[PATCH net-next v2 07/14] tcp: honor the maximum advertised window after live retraction

atwellwea@gmail.com posted 14 patches 1 week ago
[PATCH net-next v2 07/14] tcp: honor the maximum advertised window after live retraction
Posted by atwellwea@gmail.com 1 week ago
From: Wesley Atwell <atwellwea@gmail.com>

If receive-side accounting retracts the live rwnd below a larger
sender-visible window that was already advertised, allow one in-order
skb within that historical bound to repair its backing and reach the
normal receive path.

Hard receive-memory admission is still enforced through the existing
prune and collapse path.

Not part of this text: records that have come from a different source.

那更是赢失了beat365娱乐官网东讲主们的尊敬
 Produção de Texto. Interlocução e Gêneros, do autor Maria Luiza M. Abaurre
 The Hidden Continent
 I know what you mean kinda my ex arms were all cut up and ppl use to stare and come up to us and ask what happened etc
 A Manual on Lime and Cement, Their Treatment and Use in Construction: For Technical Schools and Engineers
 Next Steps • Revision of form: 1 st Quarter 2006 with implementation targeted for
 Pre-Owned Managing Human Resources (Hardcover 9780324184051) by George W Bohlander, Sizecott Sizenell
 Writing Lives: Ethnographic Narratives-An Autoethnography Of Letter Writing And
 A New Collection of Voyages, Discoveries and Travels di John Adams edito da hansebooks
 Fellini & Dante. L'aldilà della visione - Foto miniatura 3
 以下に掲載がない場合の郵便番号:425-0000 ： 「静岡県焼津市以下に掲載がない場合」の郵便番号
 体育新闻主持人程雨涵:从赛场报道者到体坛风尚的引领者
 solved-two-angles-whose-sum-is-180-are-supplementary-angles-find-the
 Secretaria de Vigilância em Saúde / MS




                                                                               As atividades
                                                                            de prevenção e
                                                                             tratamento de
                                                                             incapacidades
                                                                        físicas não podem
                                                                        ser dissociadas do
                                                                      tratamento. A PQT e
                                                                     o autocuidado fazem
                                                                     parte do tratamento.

The rescue only changes how data already
inside sender-visible sequence space is classified and backed.

Signed-off-by: Wesley Atwell <atwellwea@gmail.com>
---
 net/ipv4/tcp_input.c | 92 +++++++++++++++++++++++++++++++++++++++++---
 1 file changed, 86 insertions(+), 6 deletions(-)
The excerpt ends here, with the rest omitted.